# Trash or Treasure?



## HomeBody (Jul 18, 2012)

I bought a trailer a couple of weeks ago. The seller asked what I planned on using it for. I told him if I get lucky, I'll use it to haul some walnut I can eventually turn into gunstocks. He said he had a walnut tree in his barn, cut into 2 logs. He said his dad cut it and put it in there 30 yrs. ago and I could have it as part of the trailer deal. Barn had a concrete floor and was fairly tight. 

The logs look like hell. Checks and cracks everywhere. My question: Will I find any good usable wood in these questionable logs cut 30 yrs ago? Maybe 50,000 pen blanks? Or just firewood? I plan on opening them up if it ever cools down. What's my chances? Gary

[attachment=7934]


----------



## Mizer (Jul 18, 2012)

Remember the old adage, don't judge a book by it's cover.:naughty:
Walnut logs will last a very long time. The sapwood will rot away but the heart wood is very decay resistant. If they are left in the full sun they will sometimes bust open but this does not look like the case with these two. Do you have a pic of the ends of the logs? That will give a better idea of the condition of the logs.


----------



## drycreek (Jul 18, 2012)

Okay they are trash just send them to my burn pile. What Mizer said!


----------



## CodyS (Jul 18, 2012)

your odds on it cooling down, probs pretty low for a while your best bet is to move to aus atm :fit:

I'll let someone else jump in to answer your questions.


----------



## EricJS (Jul 18, 2012)

Mizer said:


> Remember the old adage, don't judge a book by it's cover.:naughty:
> Walnut logs will last a very long time.

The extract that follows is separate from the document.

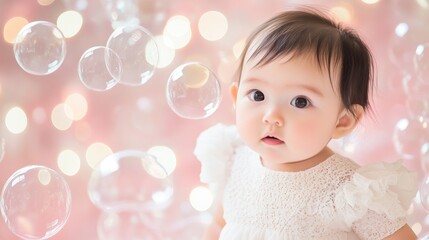 Fototapeta premium Pastel Pink Water Bubble Background for AR and Text Overlay Generative AI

The sapwood will rot away but the heart wood is very decay resistant. If they are left in the full sun they will sometimes bust open but this does not look like the case with these two. Do you have a pic of the ends of the logs? That will give a better idea of the condition of the logs.



I'll second what Mizer said. Walnut logs can sit for years & the heartwood will still be in good shape. Show us some pictures after you cut it up!


----------



## Kevin (Jul 18, 2012)

I agree with Mizer, but although they weren't in the sun I think there's a good chance they'll have checks throughout the log. Walnut air dries very easily in board form, but in log form most logs will wreck themselves to some degree if allowed to dry before milling. But walnut is a very friendly species to drying so it won't be near as bad as other more notorious species like oak or sweetgum etc. If those were white oak they'd almost certainly be junk because of the massive checks they'd have. 

But whatever the case there's usable wood there.


----------



## HomeBody (Jul 18, 2012)

Glad to hear you guys are confident there is at least some good wood in there. Have them all covered so can't take more pics right now of the ends.
I'll for sure post pics when I open them up. 

And right now it's the dead of winter on Aus. Must be nice to be cool. I'd run right over if you were closer. Gary


----------



## arkie (Jul 18, 2012)

HomeBody said:


> Glad to hear you guys are confident there is at least some good wood in there. Have them all covered so can't take more pics right now of the ends.
> I'll for sure post pics when I open them up.
> 
> And right now it's the dead of winter on Aus. Must be nice to be cool. I'd run right over if you were closer. Gary



In the worst case, there should be usable crotch figure or feather where the limbs come in. Only one way to find out whether it will make boards, grips or just pens.


----------



## HomeBody (Sep 15, 2012)

I finally got one of the crotches opened up. I shimmed up the crotch so that the piths on each end and the side branch were all in the same plane. Started with two 3/4" slabs then went for a 11/4 slab for a gunstock. I was half way through the cut when some bolts came out of the carriage and shut me down. I knew I'd never get the bar back in the exact same position to finish the cut, as you will see later.

[attachment=10659]
[attachment=10660]

The chain entered the crotch just above the pith for the gunstock slab. On the next pass, I took a 1" cut to eliminate the pith. It worked pretty well. On the final cut I took another 11/4 slab. Only a small amount of pith showed up in one of the slabs. One slab has too many defects (bug damage) for a stock but the other looked good. I laid out a stock and cut it out with my small chainsaw with a ripping blade.

[attachment=10661]
[attachment=10662]
[attachment=10663]

I'm thrilled that I got a nice crotch blank from my first walnut milling attempt. On the butt end of the slab, you can see the spot where my carriage came apart and I made the rest of the cut from the other end. This "step" won't effect the finished stock. There seems to be plenty of good wood in this tree, even though it's sat in a barn for 30 yrs. Gary


----------



## UpNorthWoods (Sep 15, 2012)

Purdy!


----------



## scrimman (Sep 15, 2012)

Uhhhh...guess the chances of you sending it down to me so I can put it in my 'burn pile' just got a lot slimmer, huh? 

That is some fabulous wood you've got there, hoss.


----------



## gvwp (Sep 18, 2012)

That old log looks great on the inside! Good score.


----------



## elnino (Nov 7, 2012)

Treasure!

great job!


----------